Images from Mini Boden
Infant size boys clothes have stumped me for a while now. Slapping an iron-on on a onsie is easy enough. Yet not enough for a seamstress. With baby girl fashions, I've been able to create new styles and outfits I couldn't find in stores. Baby boy fashions are more basic: shirt & pants. Easy items to find well made in the ready-to-wear market.
Then I had an epiphany: don't re-invent the wheel.
Instead of coming up with original designs, I pulled out the staples from Geth's wardrobe. Drafting patterns from rompers, pants, and onsies, I've come to the realization that boys clothes are about simplicity and fit. Now, those two goals I can achieve!

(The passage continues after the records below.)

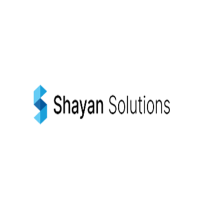 Shayan Solutions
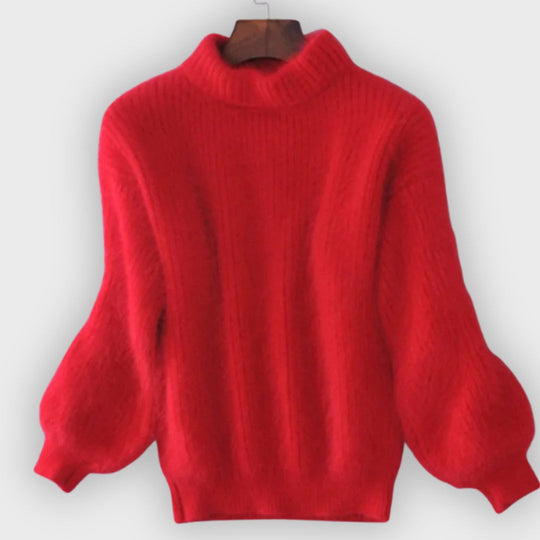 R&B | Schicker Pullover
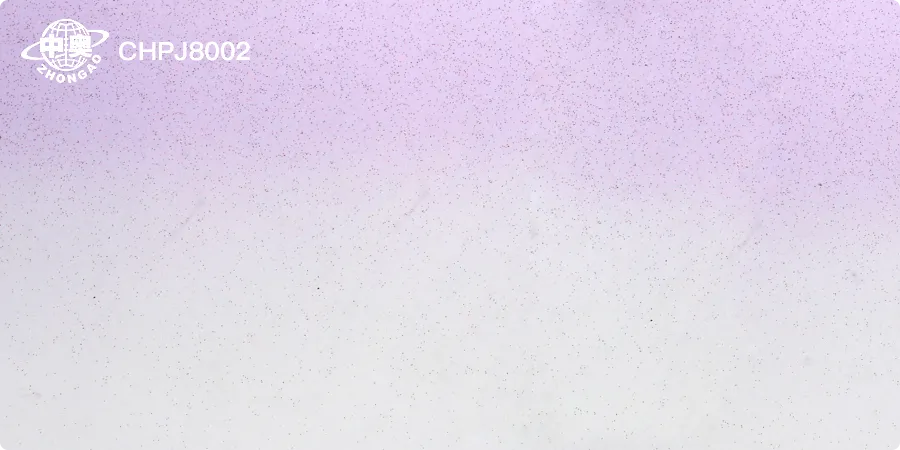 CHPJ8002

Geth is a long and lean baby, with a long torso and shorter legs. Any standard pattern needs a bit of tweaking to fit him perfectly. My first romper draft needs a few tweaks, still: ie, a gusset in the crotch, an inch out of the sides. Also needed is a snap machine. I am finding snap tape to be an expensive headache I'd rather avoid.
Cute boy knits are proving elusive, so I've descended on our DI pile like a vulture. The Hubs has discarded quite a few polos which are made of awesome knits. I snatched my two favorite polos and cut out a romper from each. One shirt easily yields one romper, while shirts with out a placket would yield two. Only one romper has been completed, while the other lies in the pandemonium of my sewing room.
My mother gifted her sewing center, made my father back in the 70s, to me last week. A beautiful piece of practical and functional furniture, it's arrival has caused an explosion of fabric and crafting debris in my room. An explosion compounded by my purchase of comic book boards, which I am using to create miniature bolts. (inspired by Craftiness is Not Optional) When the dust settles and organization reigns once again, I plan to add onsie and shorts to the list of patterns to draft up.